How we cite our quotes: (Chapter.Paragraph)
Quote #1
"To speak is to name names, but to speak is not important. A thing happens once that has never happened before. Seeing it, a man looks upon reality. He cannot tell others what he has seen. Others wish to know, however, so they question him saying 'What is it like, this thing you have seen?' So he tries to tell them." (1.409)
The speech that gets our minds churning on symbols for the rest of the novel. Can words possibly describe reality? Sam says no, but then again, he's using words to describe the reality that they cannot describe reality… Whoa.
Quote #2
"They are our children, by our long-dead First bodies, and second, and third and many after—and so, ours is the parents' responsibility toward them." (2.298)

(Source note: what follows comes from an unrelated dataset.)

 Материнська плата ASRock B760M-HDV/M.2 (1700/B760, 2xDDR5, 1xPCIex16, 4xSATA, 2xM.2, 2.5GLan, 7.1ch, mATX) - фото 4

Although the Firsts fashion themselves as gods, these personas are just symbols meant to represent them as beyond human. In fact, they're so human they are responsible for an entire planet filled with, yeah, humans.
Quote #3
Occasionally, the lamp would flare or sputter, and it was as if a nimbus of holy or unholy light played about their heads, erasing entirely the sense of the event, causing the spectators to feel for a moment that they themselves were the illusion, and that the great-bodied figures of the cyclopean dance were the only real things in the world. (3.22)
All art is symbolic in one way or another. Not to get all Matrix-y, but what happens when you can no longer tell the real world from the art world? What if the world we think is real is really just an elaborate artistic symbol? In fact, Buddhism and Hinduism do have a concept that suggests the illusionary and—dare we say, symbolic—nature of reality, maya.